Traversing new ground with First Nations art & film symposium

Sixteen First Nations artists, curators and filmmakers from Australia, Taiwan and Aotearoa/New Zealand will overcome border restrictions and gather online for a QUT-hosted international symposium from October 7 to 9.

Grounded in Place: Dialogues Between First Nations Artists is a free event that will give interested members of the arts community and the wider public the chance to listen to talks by artists and curators and watch three award-winning documentaries by First Nations filmmakers.

Non-Indigenous scholars and museum professionals from Australia and abroad are also taking part, including Manila-based art scholar and curator Patrick Flores, who is the curator of the Vargas Museum and was the artistic director of the Singapore Biennale 2019.

The event is the first collaboration between QUT and its symposium partners – Taiwan's National Museum of Prehistory and Aotearoa's Govett-Brewster Art Gallery.

Australian First Nations artists on the program include Vernon Ah Kee, Leah King-Smith, Mandy Quadrio and Judy Watson.

Judy Watson. (Photo: Rachel See. Courtesy of the artist and Milani Gallery, Brisbane.)

Artists Chang En-Man, Akac Orat, Ciwas Tahos and Yuma Taru (one of Taiwan's top traditional arts and cultural heritage preservationists, pictured at top) will stream in from Taiwan.

And the Aotearoa artists are Ngahuia Harrison, Sarah Hudson, Kaihaukai Art Collective, and Areta Wilkinson on behalf of the Ngi Tahu artist collective.

QUT's Dr Sophie McIntyre is the symposium organiser and said it was a positive example of how people could collaborate during lockdowns and border closures.

"It's a platform for cultural understanding, connecting and exchanging ideas and insights, and we hope it will pave the way for future face-to-face engagement," she said.

Simon Kaan and Ron Bull from the Kaihaukai Collective. (Photo: Jo Moore, Wellington)

Dr McIntyre, from QUT's Faculty of Creative Industries, Education and Social Justice, is a scholar and curator who specialises in Taiwan art and has lived and worked in Taiwan and Aotearoa.

"The symposium will explore First Nations artists and filmmakers' perspectives on and connections to land, as a site and place of belonging, and as a source of learning, sustenance, and creativity," she said.

"We live in the Asia-Pacific, but generally we know so little about our First Nations peoples in our region.

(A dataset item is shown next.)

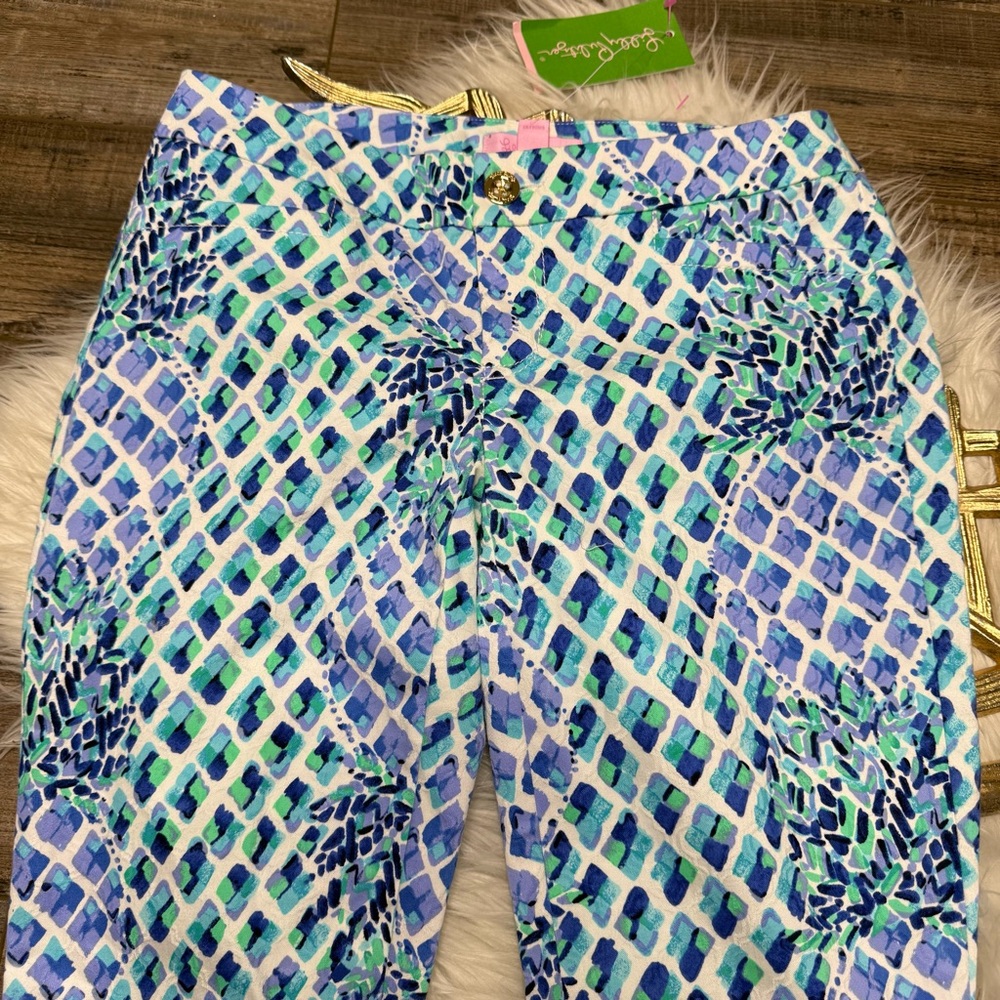 Lilly Pulitzer Kelly Skinny Blue Ankle Pant Resort White NWT - Picture 3 of 11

"Although most of the speakers in this symposium have exhibited internationally, and some have even participated in the same exhibition with each other, this is the first time they will have met virtually.

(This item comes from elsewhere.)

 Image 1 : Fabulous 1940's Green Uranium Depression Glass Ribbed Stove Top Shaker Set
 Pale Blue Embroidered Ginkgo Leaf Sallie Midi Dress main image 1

"We hope this symposium will inspire new ideas, forge new connections, and create opportunities for future cooperation and exchange between Australia, Taiwan and Aotearoa."

Wesley Enoch is QUT's Indigenous Chair in the Creative Industries.

Renowned playwright and artistic director Wesley Enoch AM, who is QUT's Indigenous Chair in the Creative Industries, will deliver the event's Welcome to Country. The symposium will be opened by the Director-General of the Taipei Economic and Cultural Office, Edward Tao, and is sponsored by the Ministry of Culture (Spotlight), Taiwan.

Vernon Ah Kee (Photo: Joe Ruckli)

Dr McIntyre said four panel discussions would take place around the conference theme of connections to land: History and Sovereignty; Land and Community; Site and Materials; and Place and Space.

The conversations will lead to new fields of research and inquiry, which will inform a bilingual publication and exhibition project.

Three documentaries will be available for viewing during the symposium – Maralinga Tjarutja (directed by Larissa Behrendt), Where Has the Land Gone? (directed by Pilin Yapu), and Bastion Point—Day 507 (directed by Merata Mita, Leon Narby and Gerd Pohlman).

The Grounded in Place: Dialogues Between First Nations Artists symposium has been organised by Dr McIntyre in collaboration with Dr Fang Chun-wei (National Prehistory Museum in Taiwan) and Dr Zara Stanhope (Govett-Brewster Gallery).